** Opening Records supplied block **
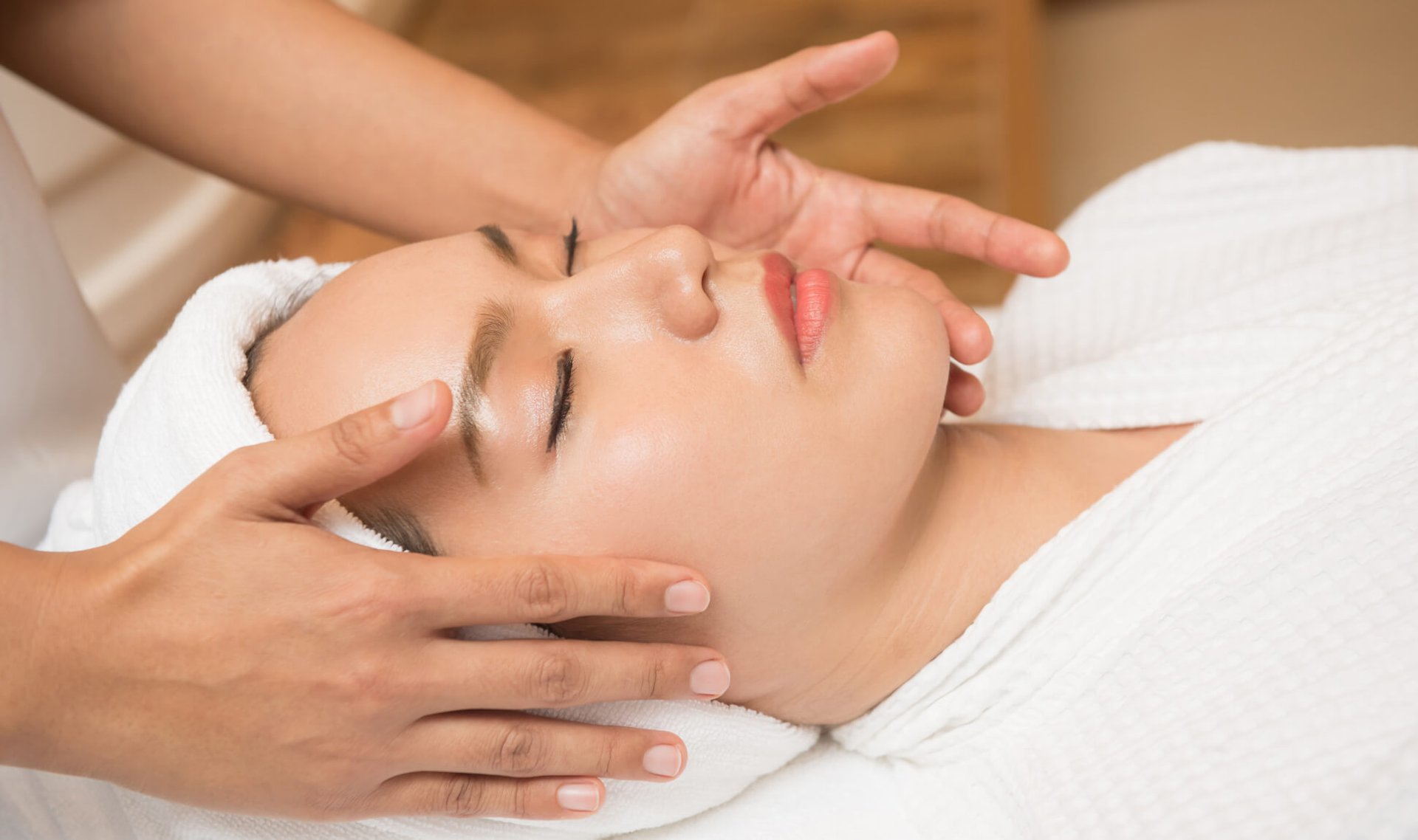 What’s the Difference Between a Dermatologist and an Esthetician?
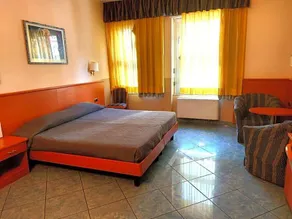 Hotel Gonzaga - Image 2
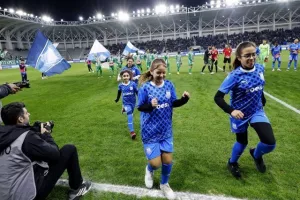 Απόλλων-Άρης: Άντεξε στην πίεση και πλησίασε στην κορυφή η "Ελαφρά Ταξιαρχία" 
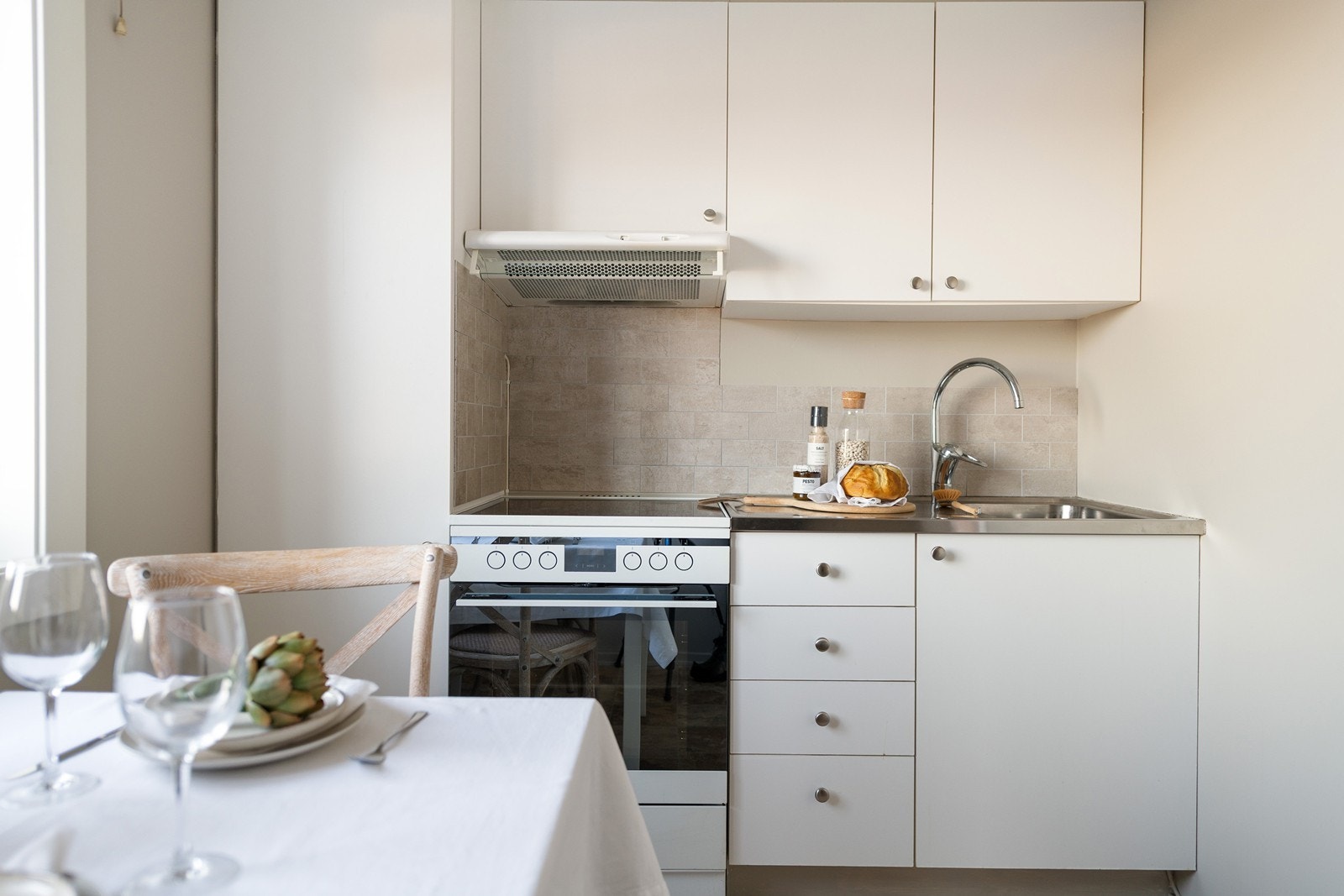 Pent kjøkken med tilkomst fra stue. Galleribilde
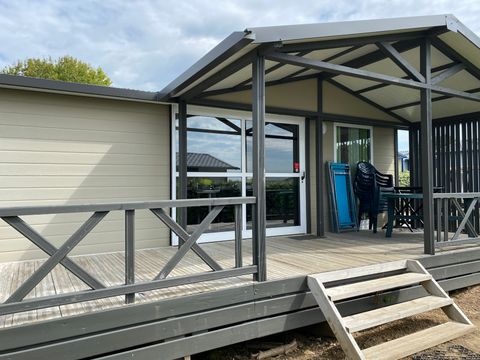 CHALET 6 personnes - Chalet Confort 39 m² (3 chambres) avec terrasse couverte + TV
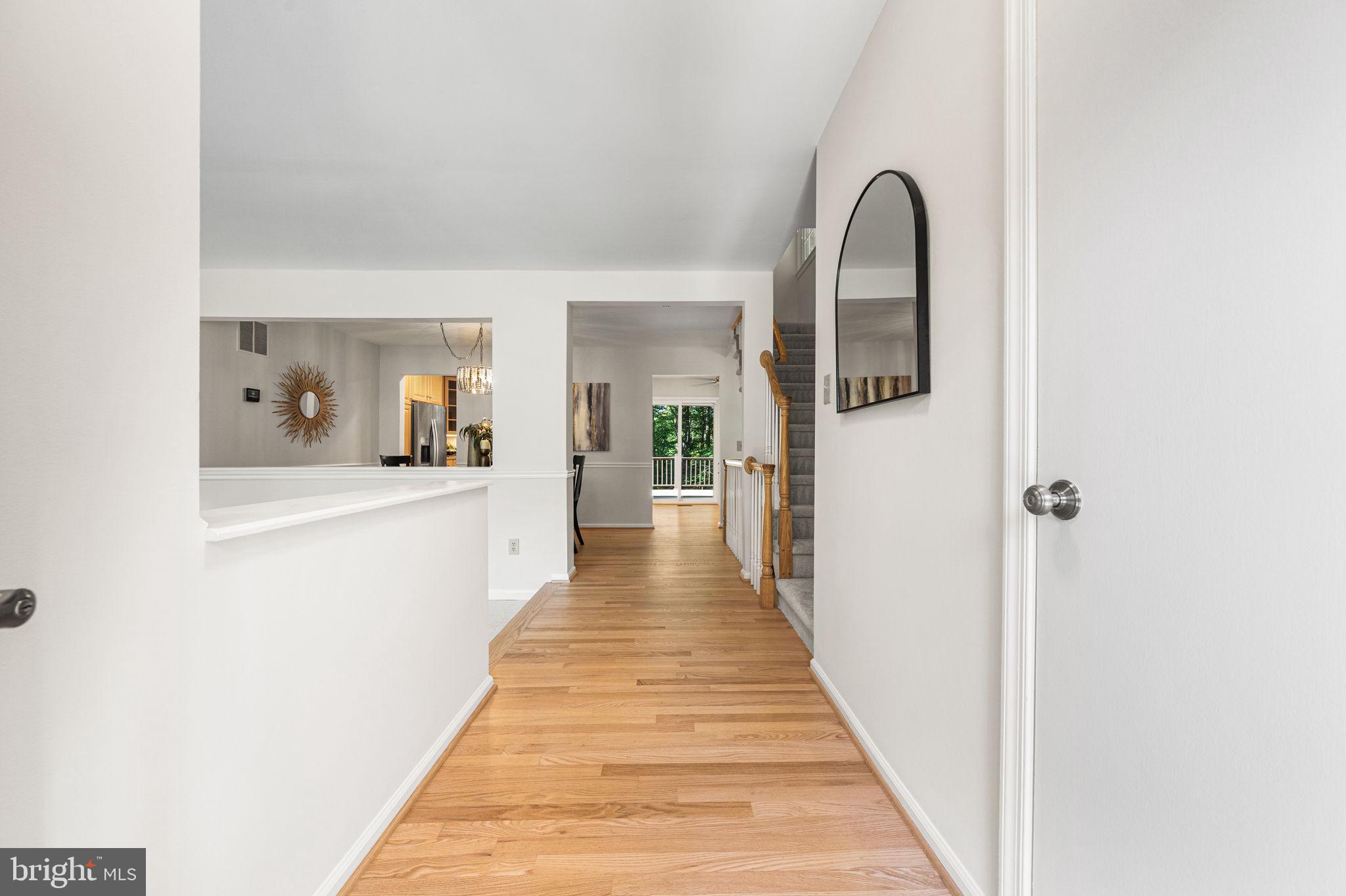 7913 Pebble Brook Court Springfield, VA 22153 - Photo 3 of 36 Welcome In!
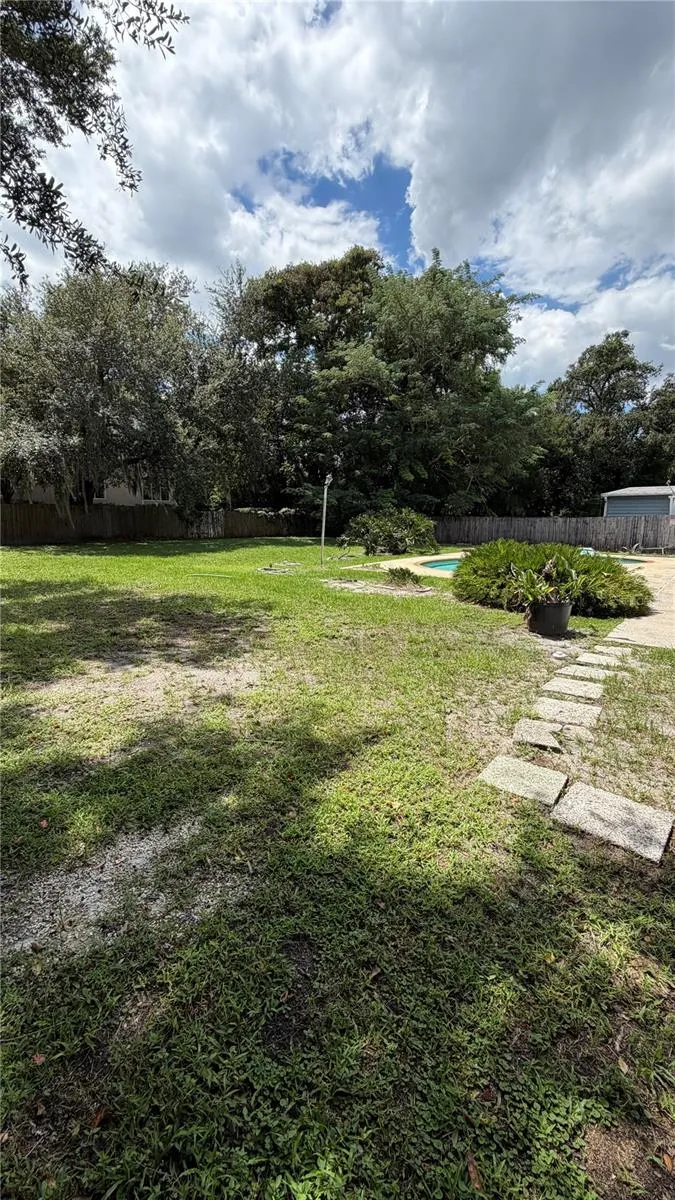 270 W PINELOCH AVE Orlando, FL 32828
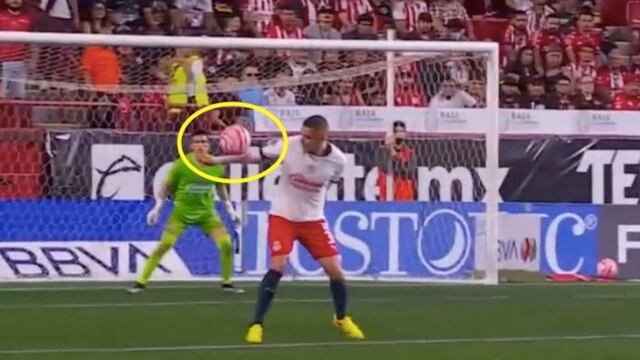 VAR no marcó penal sobre el Club Chivas.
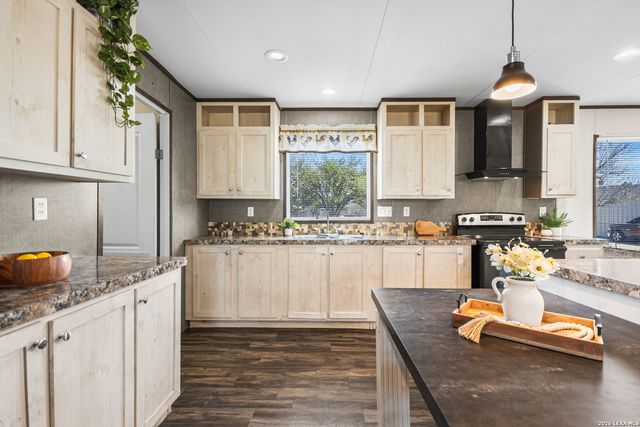 114 County Road 5600, Castroville, TX 78009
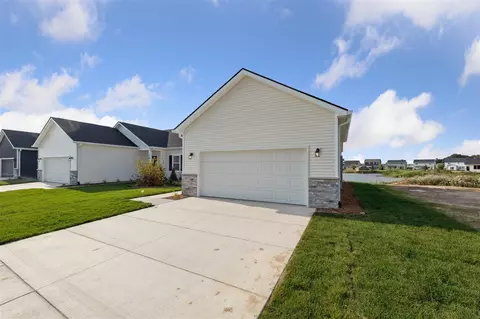 250 Marion Oaks, Howell, MI 48843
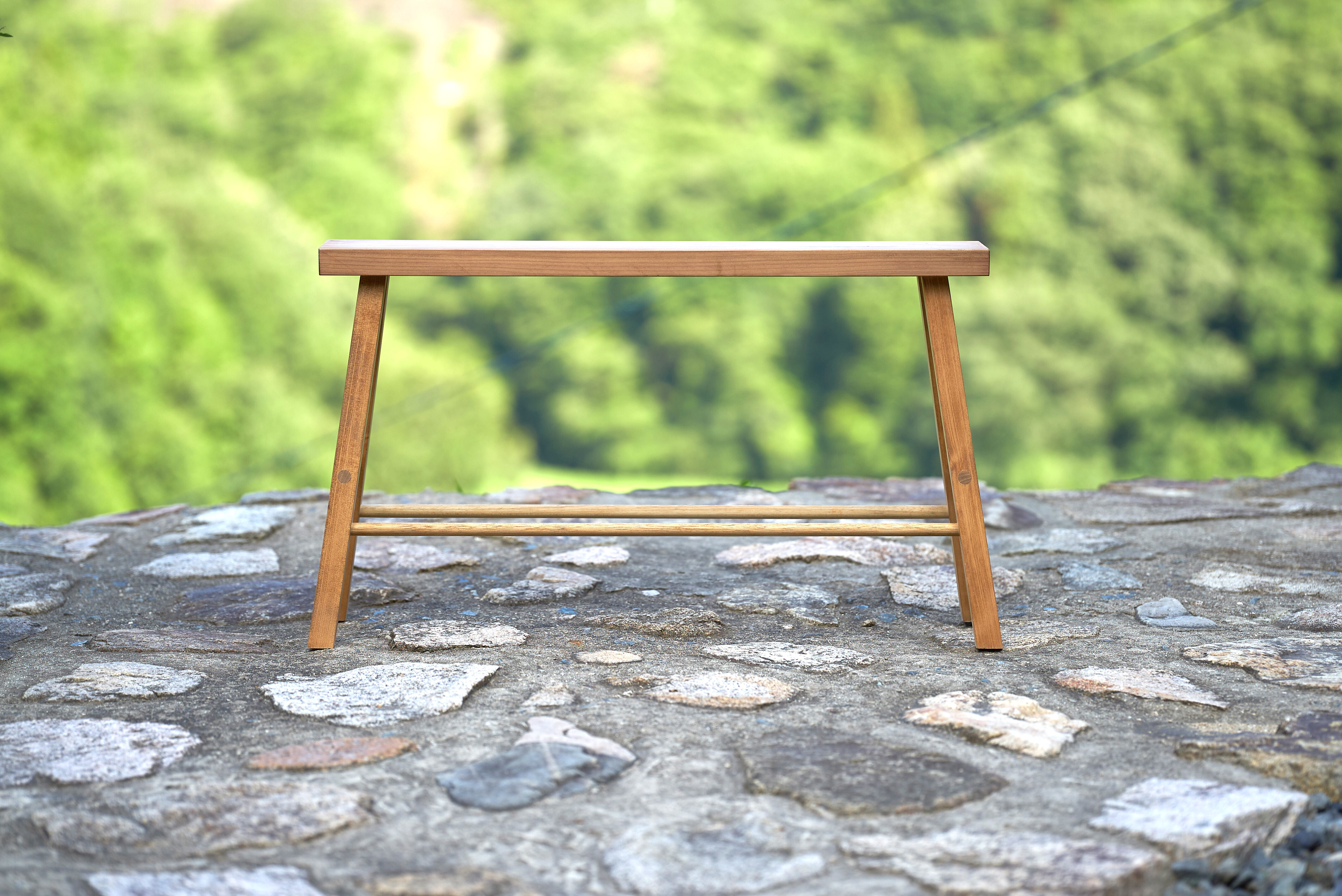 ミニマルフォルムの軽くて使いやすい無垢材のスツール　ロングバージョン S-2L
** Closing Records supplied block **
Task item
Output all the entries exactly, minus any pictures.

Reply to the task
 What’s the Difference Between a Dermatologist and an Esthetician?
 Hotel Gonzaga - Image 2
 Απόλλων-Άρης: Άντεξε στην πίεση και πλησίασε στην κορυφή η "Ελαφρά Ταξιαρχία" 
 Pent kjøkken med tilkomst fra stue. Galleribilde
 CHALET 6 personnes - Chalet Confort 39 m² (3 chambres) avec terrasse couverte + TV
 7913 Pebble Brook Court Springfield, VA 22153 - Photo 3 of 36 Welcome In!
 270 W PINELOCH AVE Orlando, FL 32828
 VAR no marcó penal sobre el Club Chivas.
 114 County Road 5600, Castroville, TX 78009
 250 Marion Oaks, Howell, MI 48843
 ミニマルフォルムの軽くて使いやすい無垢材のスツール　ロングバージョン S-2L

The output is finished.